Music Video, “Illmerica,”
Reviewed by Nick Brown
“Illmerica” is a recent electro-house song by US dance music producer, Wolfgang Gartner. Though the song itself is absent lyrics, the video is highly critical of the United States.
Unlike most Western and Western-inspired dance music videos, ‘Illmerica” combines popular aesthetics with political criticism. Many messages are presented in different ways throughout the video. However, one message stands out: Amerikan history is one of violence and bloodshed. Amerika is, as evident from the video, not to be exalted.
Violence between factions of oppressors is depicted prominently. The video quickly flows through scenes of the Amerikan ‘Revolutionary’ and ‘Civil’ wars and World Wars I and II. These are shown as conflicts presaging even further violence, imperial expansion, and conquest, not leading to further freedom or democracy as typical pro-US narratives tell.
Unfortunately, the video fails to highlight the realities and perspectives of Third World peoples, whose greatly exploited positions are the basis of all First World society and culture. Similarly, people of captive, oppressed nations are depicted infrequently and as lacking agency. A confused, one-sided presentation of today’s status of Whites is given, and the video make a point to show an oversized single-family home with a ‘foreclosed’ sign in front of it. Nevertheless, White Amerika is depicted as eternally hypocritical, war-obsessed and degenerate.
Context counts for a lot. Depending on the viewer, the video itself may be a step forward or backwards ideologically. In a nut shell, the video could be described as a critique of Amerika from a narrow perspective. Such a perspective may question aspects of modern imperialism, its bloody history and more philistine habits, but it will never come out against imperialism as a total economic, political, cultural and ideological system. Such a perspective may be at times critical, but it will rarely be oppositional. In a strong sense, videos such as “Illmerica,” along with many so-called “progressive” and “revolutionary” ideologies, do as much or more to legitimize and support the capitalist-imperialist system as they do to oppose it.
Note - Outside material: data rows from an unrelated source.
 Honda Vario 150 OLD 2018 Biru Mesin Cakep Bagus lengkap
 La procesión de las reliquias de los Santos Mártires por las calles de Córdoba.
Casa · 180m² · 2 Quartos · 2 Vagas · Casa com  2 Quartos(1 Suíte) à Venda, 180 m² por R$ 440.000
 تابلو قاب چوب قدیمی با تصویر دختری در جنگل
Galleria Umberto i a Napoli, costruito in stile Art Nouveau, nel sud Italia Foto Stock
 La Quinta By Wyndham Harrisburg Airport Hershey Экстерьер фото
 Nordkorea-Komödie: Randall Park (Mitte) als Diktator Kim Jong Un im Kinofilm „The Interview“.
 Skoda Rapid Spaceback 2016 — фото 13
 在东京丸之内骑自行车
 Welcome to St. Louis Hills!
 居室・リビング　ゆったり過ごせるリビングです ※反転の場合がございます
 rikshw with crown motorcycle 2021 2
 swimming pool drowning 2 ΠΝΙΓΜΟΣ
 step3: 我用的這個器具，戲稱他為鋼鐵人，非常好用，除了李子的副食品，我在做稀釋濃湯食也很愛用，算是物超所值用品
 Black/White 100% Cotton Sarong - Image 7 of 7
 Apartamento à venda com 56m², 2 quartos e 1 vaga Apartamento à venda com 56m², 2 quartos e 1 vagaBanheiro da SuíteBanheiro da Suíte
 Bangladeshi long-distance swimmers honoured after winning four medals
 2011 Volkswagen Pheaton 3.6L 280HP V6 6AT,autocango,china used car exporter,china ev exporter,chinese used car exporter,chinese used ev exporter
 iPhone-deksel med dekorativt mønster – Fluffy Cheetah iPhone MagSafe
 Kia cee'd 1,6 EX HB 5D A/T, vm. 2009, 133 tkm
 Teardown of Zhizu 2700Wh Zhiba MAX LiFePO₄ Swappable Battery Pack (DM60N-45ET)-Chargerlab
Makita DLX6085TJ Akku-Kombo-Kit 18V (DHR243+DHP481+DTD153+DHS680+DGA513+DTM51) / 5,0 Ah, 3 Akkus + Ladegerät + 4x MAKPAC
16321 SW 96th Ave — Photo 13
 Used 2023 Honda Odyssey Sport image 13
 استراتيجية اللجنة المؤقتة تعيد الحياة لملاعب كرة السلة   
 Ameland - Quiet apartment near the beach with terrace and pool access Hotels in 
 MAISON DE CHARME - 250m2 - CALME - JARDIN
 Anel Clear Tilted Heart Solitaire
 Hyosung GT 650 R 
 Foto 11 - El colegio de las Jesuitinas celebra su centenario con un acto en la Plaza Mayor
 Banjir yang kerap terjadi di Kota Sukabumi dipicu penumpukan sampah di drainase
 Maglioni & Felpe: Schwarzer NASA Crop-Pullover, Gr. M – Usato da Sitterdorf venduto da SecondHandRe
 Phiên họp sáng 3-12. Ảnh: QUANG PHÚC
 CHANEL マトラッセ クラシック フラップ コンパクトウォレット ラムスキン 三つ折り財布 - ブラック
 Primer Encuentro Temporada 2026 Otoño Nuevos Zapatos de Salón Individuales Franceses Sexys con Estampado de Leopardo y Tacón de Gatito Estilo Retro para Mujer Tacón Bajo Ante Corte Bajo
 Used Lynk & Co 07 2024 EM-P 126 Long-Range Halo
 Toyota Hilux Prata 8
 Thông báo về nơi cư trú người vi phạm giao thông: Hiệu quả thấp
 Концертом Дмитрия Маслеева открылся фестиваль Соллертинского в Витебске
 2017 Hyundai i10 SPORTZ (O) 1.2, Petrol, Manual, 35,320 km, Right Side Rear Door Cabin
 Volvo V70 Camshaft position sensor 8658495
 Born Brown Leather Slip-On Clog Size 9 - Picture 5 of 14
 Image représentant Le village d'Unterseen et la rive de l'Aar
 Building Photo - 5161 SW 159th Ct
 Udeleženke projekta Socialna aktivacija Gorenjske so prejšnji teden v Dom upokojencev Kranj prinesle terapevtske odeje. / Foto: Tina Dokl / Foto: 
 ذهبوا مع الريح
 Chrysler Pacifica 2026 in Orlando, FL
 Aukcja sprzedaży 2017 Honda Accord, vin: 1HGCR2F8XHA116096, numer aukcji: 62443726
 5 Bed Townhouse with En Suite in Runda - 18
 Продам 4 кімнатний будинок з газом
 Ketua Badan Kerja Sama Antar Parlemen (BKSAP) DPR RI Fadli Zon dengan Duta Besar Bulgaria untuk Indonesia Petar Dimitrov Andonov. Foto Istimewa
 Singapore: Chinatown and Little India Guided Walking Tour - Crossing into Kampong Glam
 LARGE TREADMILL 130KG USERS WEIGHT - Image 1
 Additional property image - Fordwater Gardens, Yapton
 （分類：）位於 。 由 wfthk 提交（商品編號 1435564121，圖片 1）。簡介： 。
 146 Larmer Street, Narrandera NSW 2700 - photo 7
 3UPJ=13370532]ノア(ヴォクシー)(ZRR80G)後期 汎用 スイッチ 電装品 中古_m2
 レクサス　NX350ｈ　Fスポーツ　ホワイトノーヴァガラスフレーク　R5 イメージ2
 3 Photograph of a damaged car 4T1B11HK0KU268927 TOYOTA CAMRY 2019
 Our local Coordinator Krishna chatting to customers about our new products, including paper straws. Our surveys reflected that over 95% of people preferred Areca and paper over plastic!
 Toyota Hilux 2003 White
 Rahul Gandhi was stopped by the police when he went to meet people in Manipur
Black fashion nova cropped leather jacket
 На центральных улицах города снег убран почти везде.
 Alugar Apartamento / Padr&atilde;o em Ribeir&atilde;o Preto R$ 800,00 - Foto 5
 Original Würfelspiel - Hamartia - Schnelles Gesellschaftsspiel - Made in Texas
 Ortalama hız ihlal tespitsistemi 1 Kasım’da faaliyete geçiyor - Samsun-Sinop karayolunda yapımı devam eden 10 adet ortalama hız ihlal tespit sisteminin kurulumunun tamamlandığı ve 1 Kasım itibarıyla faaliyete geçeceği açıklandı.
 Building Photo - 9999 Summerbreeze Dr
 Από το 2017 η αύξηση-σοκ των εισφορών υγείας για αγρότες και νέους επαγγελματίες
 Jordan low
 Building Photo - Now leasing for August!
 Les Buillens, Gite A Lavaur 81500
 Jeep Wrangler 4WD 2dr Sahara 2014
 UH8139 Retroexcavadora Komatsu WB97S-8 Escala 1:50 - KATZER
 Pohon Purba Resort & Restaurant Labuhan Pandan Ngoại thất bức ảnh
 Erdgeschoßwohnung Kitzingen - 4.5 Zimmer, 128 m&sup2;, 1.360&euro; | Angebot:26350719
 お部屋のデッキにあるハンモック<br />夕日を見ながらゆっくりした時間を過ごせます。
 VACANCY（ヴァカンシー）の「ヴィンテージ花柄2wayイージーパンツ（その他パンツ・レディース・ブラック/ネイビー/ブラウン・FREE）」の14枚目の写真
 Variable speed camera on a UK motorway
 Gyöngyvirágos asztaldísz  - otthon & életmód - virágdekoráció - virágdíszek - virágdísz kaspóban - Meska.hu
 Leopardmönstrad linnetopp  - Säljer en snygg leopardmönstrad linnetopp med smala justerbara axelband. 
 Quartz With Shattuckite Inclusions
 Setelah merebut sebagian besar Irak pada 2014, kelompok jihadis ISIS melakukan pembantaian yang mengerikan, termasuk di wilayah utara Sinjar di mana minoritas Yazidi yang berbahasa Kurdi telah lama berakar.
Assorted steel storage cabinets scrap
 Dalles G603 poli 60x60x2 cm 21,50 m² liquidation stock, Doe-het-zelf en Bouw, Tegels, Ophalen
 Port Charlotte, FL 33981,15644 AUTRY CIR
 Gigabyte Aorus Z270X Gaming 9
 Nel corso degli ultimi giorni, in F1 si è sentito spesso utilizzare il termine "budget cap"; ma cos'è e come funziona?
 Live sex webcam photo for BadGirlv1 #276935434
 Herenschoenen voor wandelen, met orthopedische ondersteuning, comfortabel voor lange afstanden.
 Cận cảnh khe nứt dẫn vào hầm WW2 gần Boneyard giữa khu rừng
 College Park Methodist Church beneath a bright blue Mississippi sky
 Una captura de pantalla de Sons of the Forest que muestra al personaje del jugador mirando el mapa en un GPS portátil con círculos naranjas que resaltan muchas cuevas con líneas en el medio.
The music video for “Illmerica” is progressive in a narrow sense. For listener-viewers steeped in pro-US ideology and with little introduction into alternative history and social theory, such videos may be among the first steps to questioning dominant historical and social narratives. Generally however, “Illmerica” has too many failings to list. As with any number of so-called critics of imperialism, this should be expected. Such ‘critical’ perspectives will never be able to provide clear answers nor give solid meanings to the vast majority of people of the world struggling against imperialism. To accomplish these latter tasks, revolutionaries study the history of people’s struggle and inform themselves through internationalist practice. The video for Wolfgang Gartner’s “Illmerica” is notable because it is critical of Amerika. We must be critical of everything and hate Amerika.